### DATA TO PROCESS
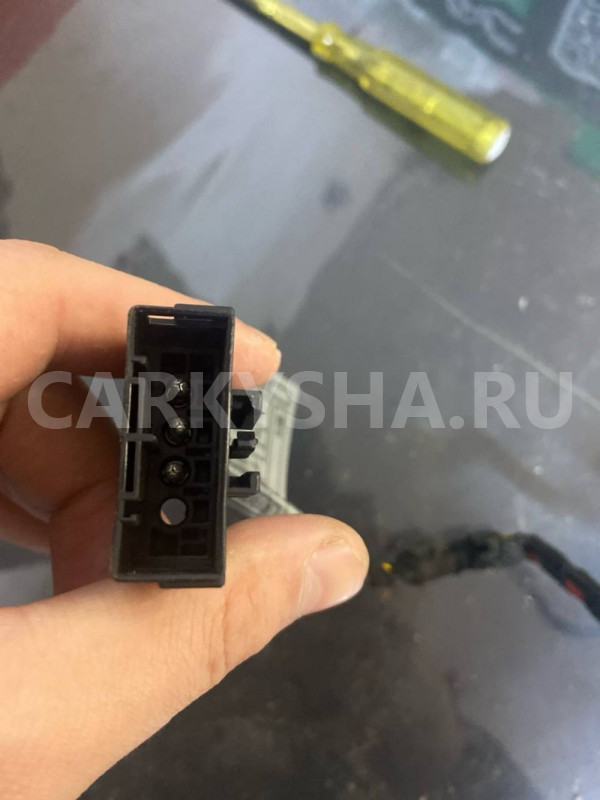 Резистор отопителя BMW 5 серия E60/E61 (2002—2007) BMW 5er оригинальный номер 67326988452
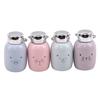 Portable Thermos Bottle Stainless Steel Unisex Mini Cartoon Animal Travel Cute Thermo Cup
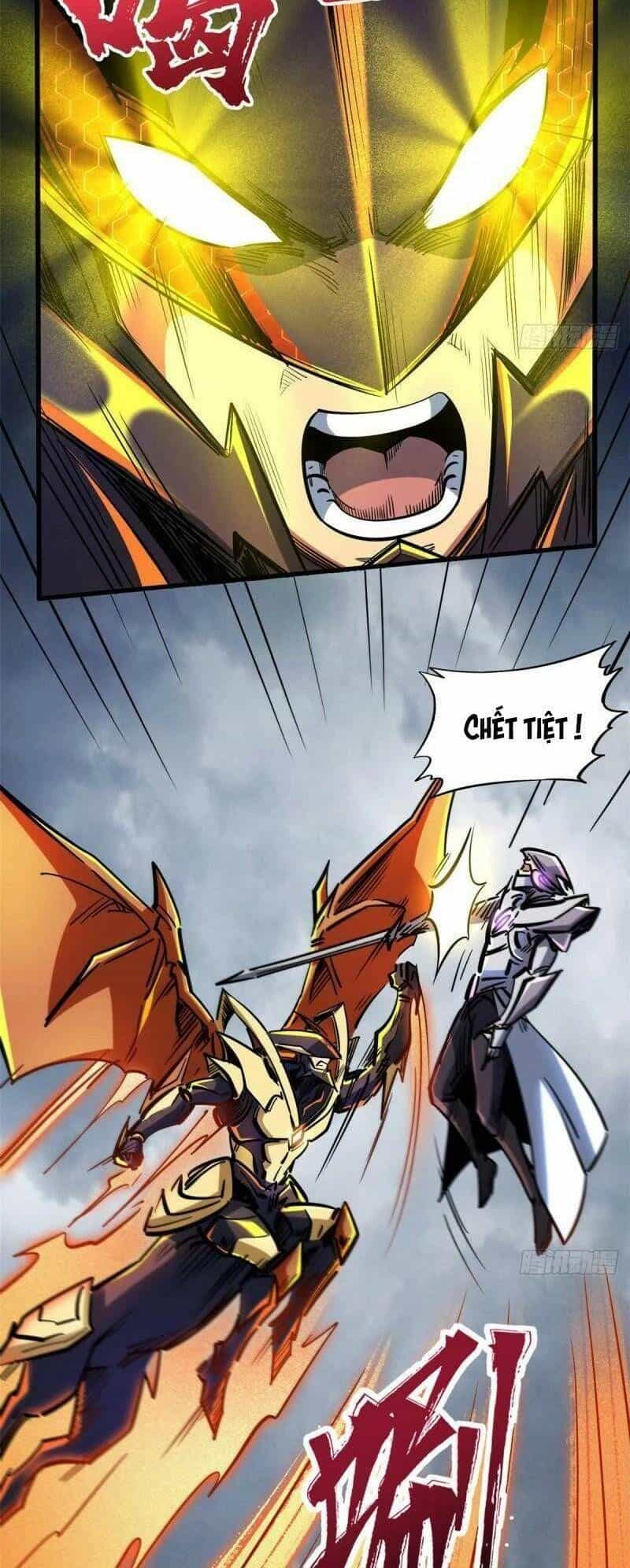 Siêu Cấp Thần Cơ Nhân - Chương 81 - ảnh 28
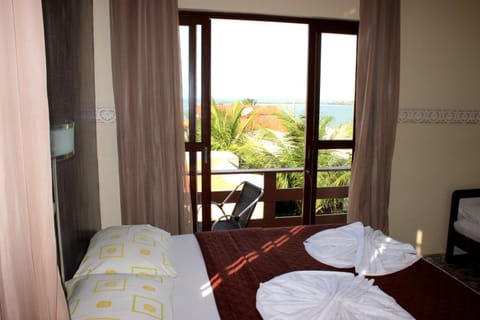 Balcony/Terrace, Bedroom, Sea view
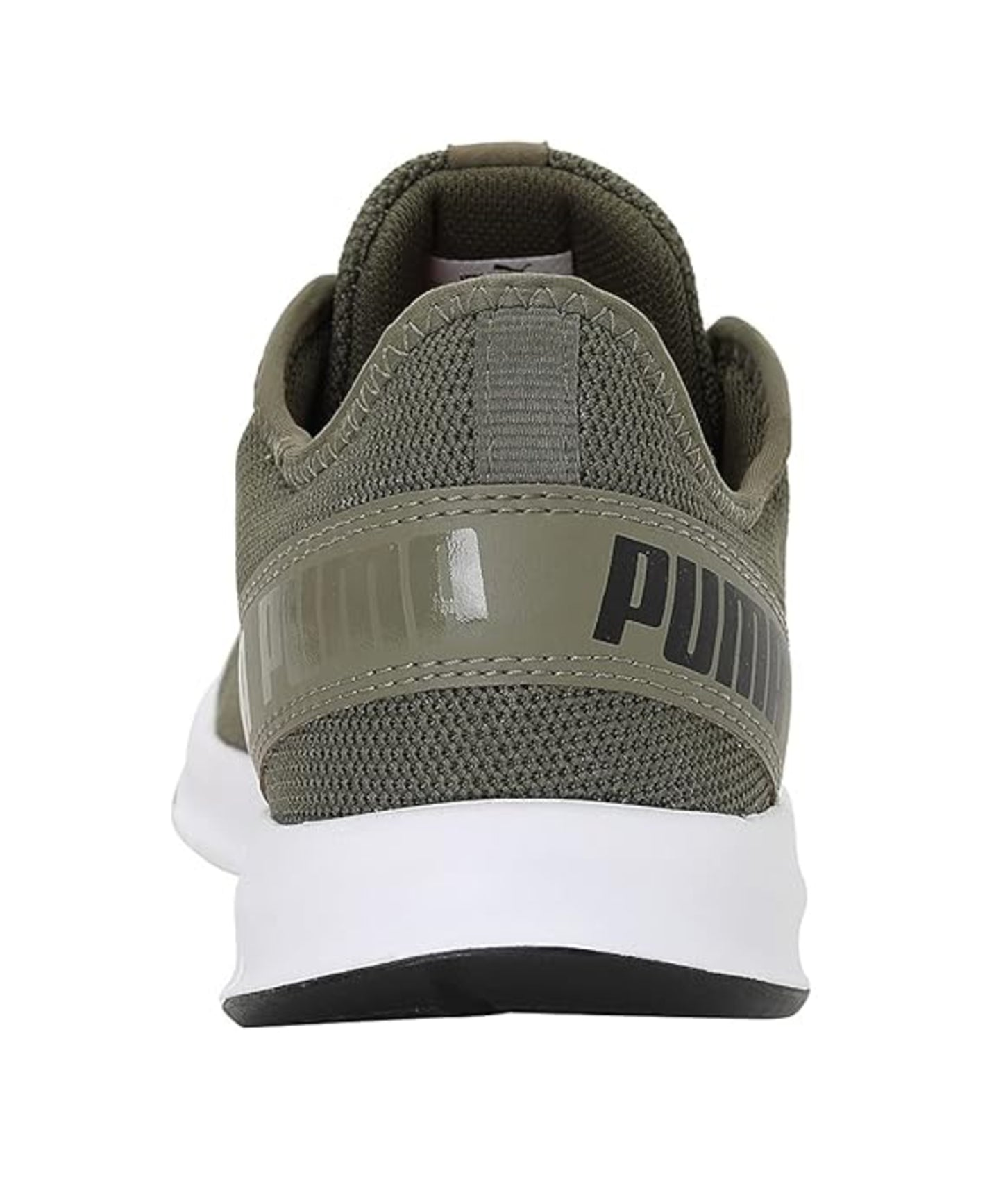 Puma Men's Hustle V2 IDP Burnt Olive Shoe-11 UK (38692207)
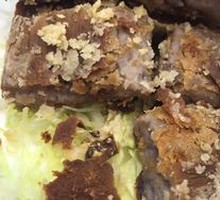 Crispy Taro Duck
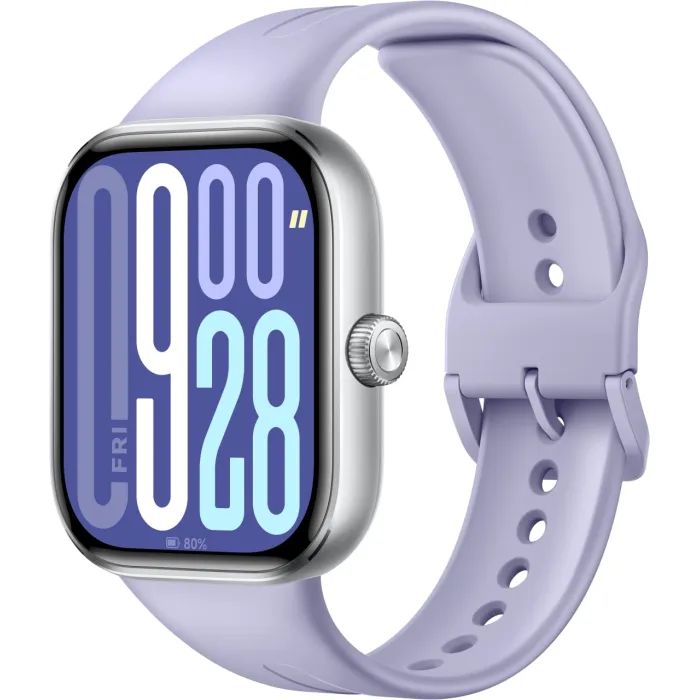 Смарт-часы Xiaomi Redmi Watch 5 Lavender Purple BHR9388GL Фото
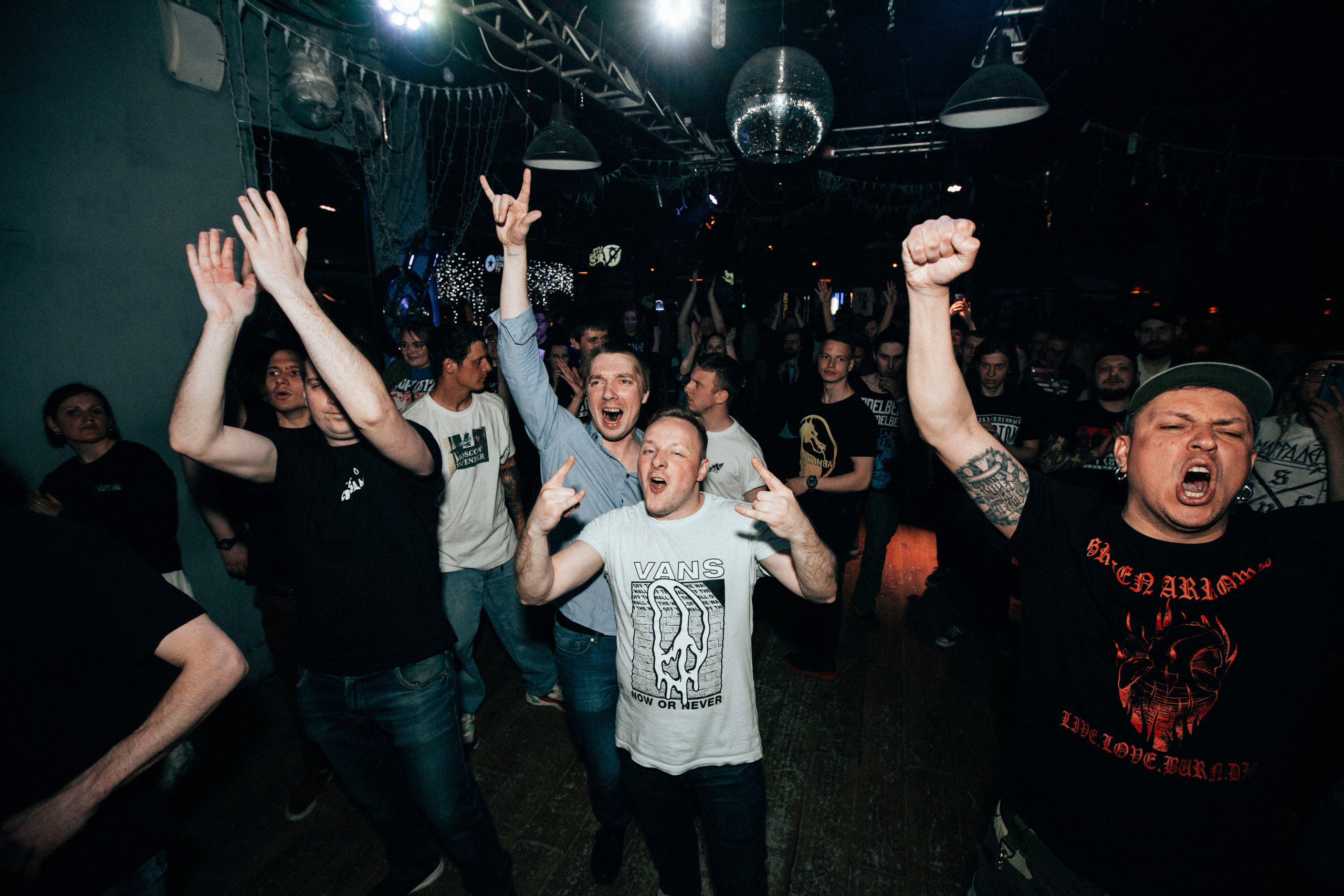 ПОРТ (812), 07.05.22, LiveStars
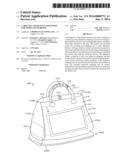 CARRY BAG APPARATUS CONFIGURED FOR MODULAR CHARGING diagram and image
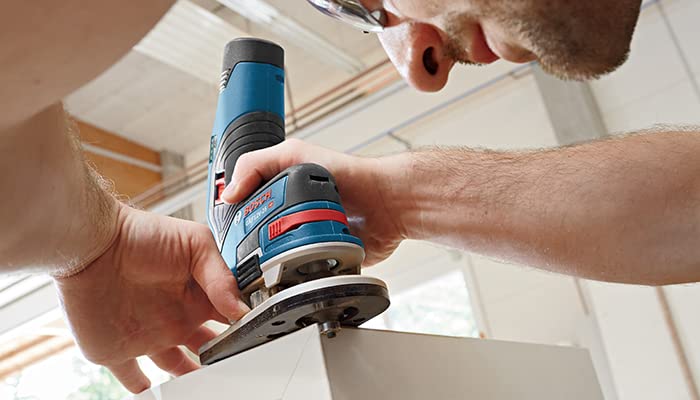 BOSCH 6-Piece Carbide-Tipped Trim Router Bits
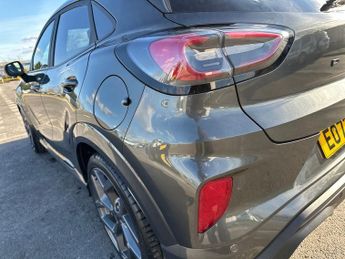 Ford Puma 5Dr ST 1.0 MHEV 170PS Auto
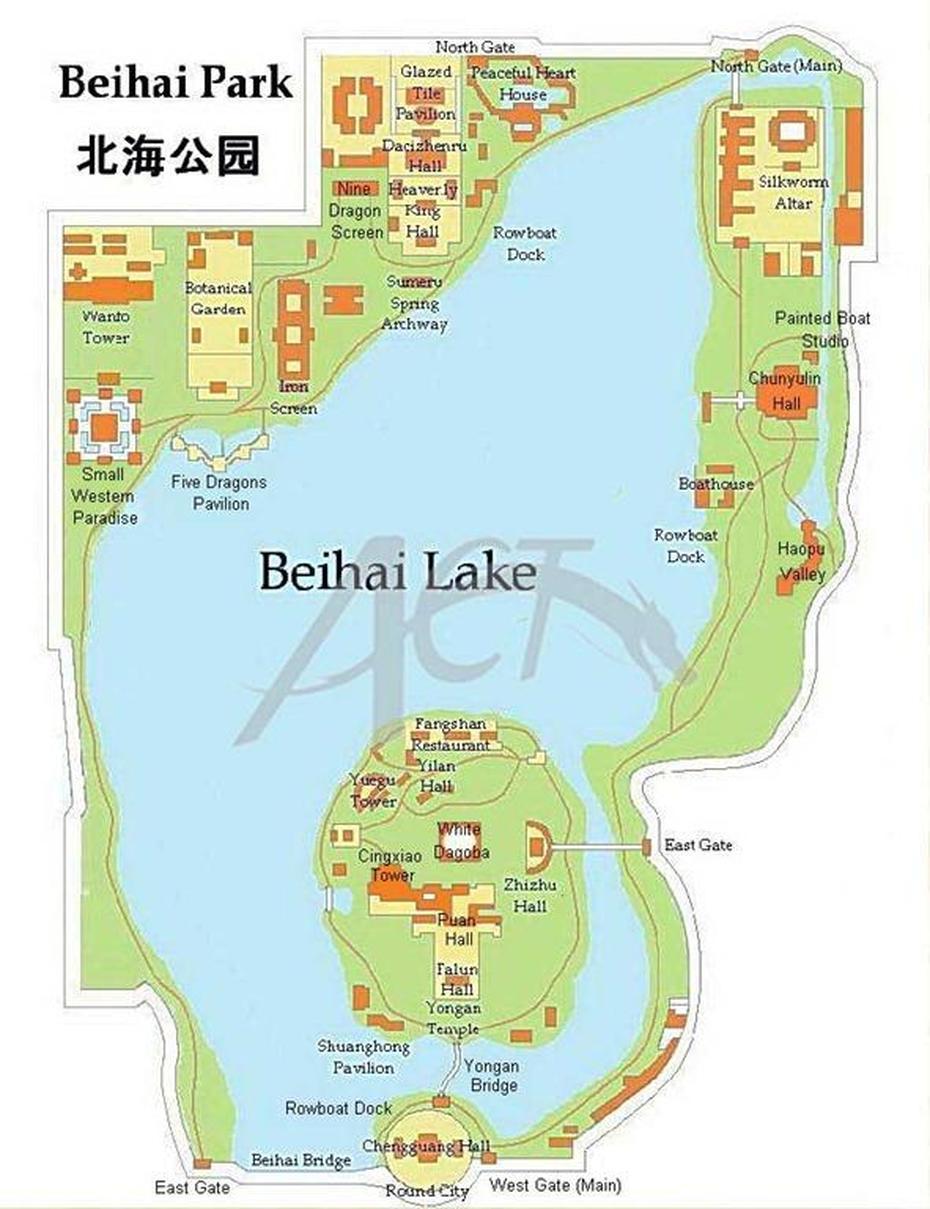 The Imperial Gardens Of Bei Hai Park : Beijing | Visions Of Travel, Beihai, China, Liuzhou China, Qingdao China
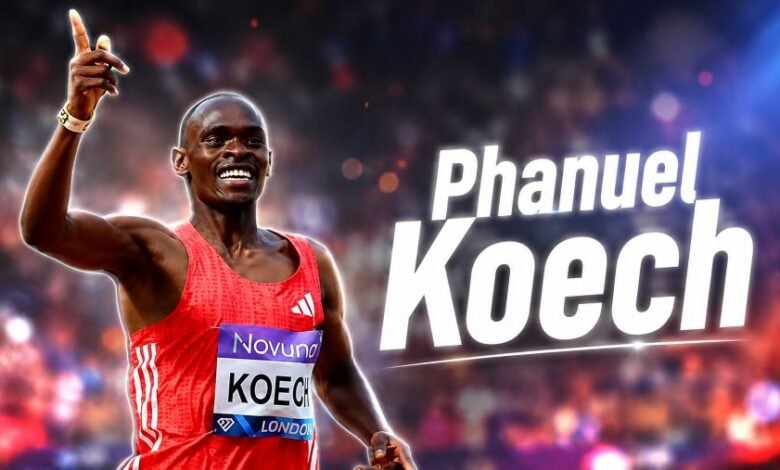 Phanuel Koech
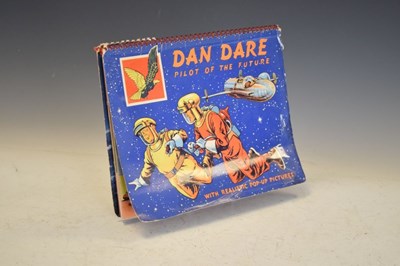 Lot 153 - Books - 1950's Dan Dare Pilot of the Future pop-up book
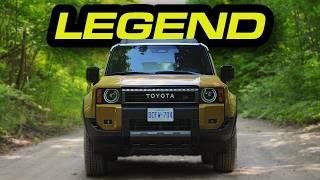 Does the 2024 Land Cruiser First Edition REALLY Live Up to the Legend?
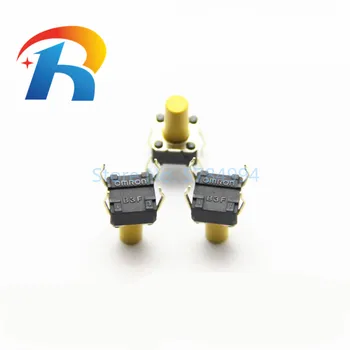 Free shipping 100PCS Omron B3F-1072 touch switch 6*6*9.5MM brand new original spot promotion 
Free shipping 100PCS Omron B3F-1072 touch switch 6*6*9.5MM brand new original spot promotion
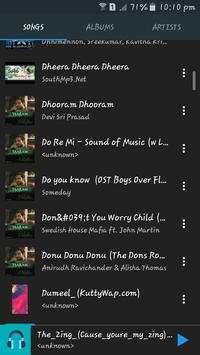 Kat Music Player screenshot 7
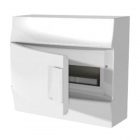 Шкаф настенный ABB Mistral41 12М непрозрачная дверь клеммы (1SLM004102A3103) изображение 1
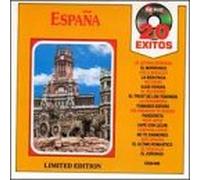 Various Artists - Espana: Serie 20 Exitos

### YOUR GOAL
Begin with the first line of the entries above and write out each line exactly, ending with the line containing "Balcony/Terrace, Bedroom, Sea view". Leave out pictures.

### TASK OUTPUT
 Резистор отопителя BMW 5 серия E60/E61 (2002—2007) BMW 5er оригинальный номер 67326988452
 Portable Thermos Bottle Stainless Steel Unisex Mini Cartoon Animal Travel Cute Thermo Cup
 Siêu Cấp Thần Cơ Nhân - Chương 81 - ảnh 28
 Balcony/Terrace, Bedroom, Sea view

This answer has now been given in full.